Previously, McCraw had said the investigative material would be released publicly when it was completed. A year later, that still has not happened.
“There seems to be a lot of hypocrisy that has come out from Colonel McCraw, specifically,” KSAT Investigates reporter Leigh Waldman said.
“I think that is exactly right,” Prather said.
With the appeal DPS has now filed blocking the court-ordered release of information, we could be waiting for much longer to get a clear picture of what happened on May 24, 2022.
“That appeal process could take years. And those families would be without any closure and without any retribution for what happened that day,” Prather said.
There’s more at risk than just transparency and clarity when it comes to the Department of Public Safety’s appeal filed in a lawsuit seeking materials related to its response to the Robb shooting.
“What people need to understand is not only do the families not get closure without knowing what happened that day, but they also have claims that are at stake here,” Prather said.
Families of the victims and some of the survivors have filed what’s called a 1983 claim.
“That’s a claim that is brought against a governmental body, employees, agencies who didn’t act in a manner in which they were supposed to act,” Prather said.
According to the University of Minnesota Law School, “Section 1983 provides an individual the right to sue state government employees and others acting “under color of state law” for civil rights violations. Section 1983 does not provide civil rights; it is a means to enforce civil rights that already exist.”
Those claims have a statute of limitations of two years, which is five months from now.
Prather said without the material we’re seeking, those claims don’t stand a chance.
“If all of the evidence that supports their claims is kept under wraps, those families will not have the evidence they need due to DPS choosing to appeal,” she said
Over the past year and a half since the shooting, material related to the failed law enforcement response has been leaked to the media.

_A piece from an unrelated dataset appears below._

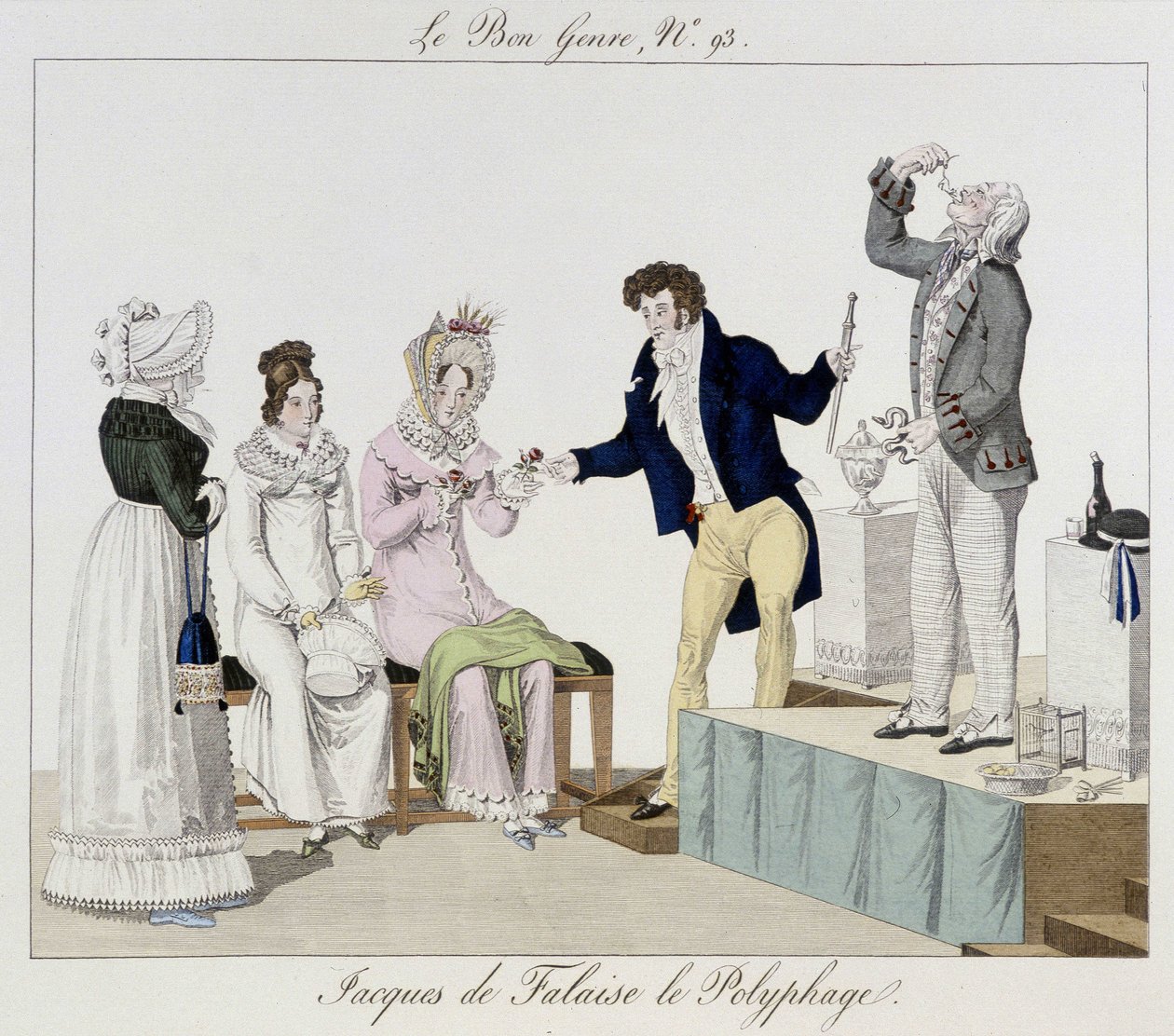 Saltimbanque: Polyfagen Jacques de Falaise (han svelger hva som helst, levende dyr...) - i "" Le bon-sjangeren"", deb. 1800-tallet av Unknown artist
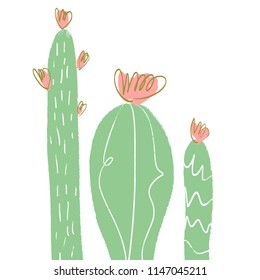 Funny cacti art. Unique stylish modern painting, light colors abstract poster, room decor. Vector Illustration, clipart.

Prather said that may not meet the burden of proof the families need for their claims.
“Leaked evidence is not authenticated evidence,” she explained.
The appeal filed by DPS Friday would keep the official release of information wrapped up in court proceedings for months or even years.
“What is behind the investigation that you are so concerned about keeping private?” Prather asked.
Looking at it from a wider lens, Prather said these attempts continue what she calls one of the worst cover-ups in Texas history is not only affecting the families most impacted but the public’s faith in law enforcement as a whole.
“Doesn’t law enforcement want us to trust them? And in order for us to trust them in the future, we need to know what happened that day,” she said.
KSAT 12 News requested comment on this story from the Texas Department of Public Safety, as well as Governor Greg Abbott. Neither has given a response.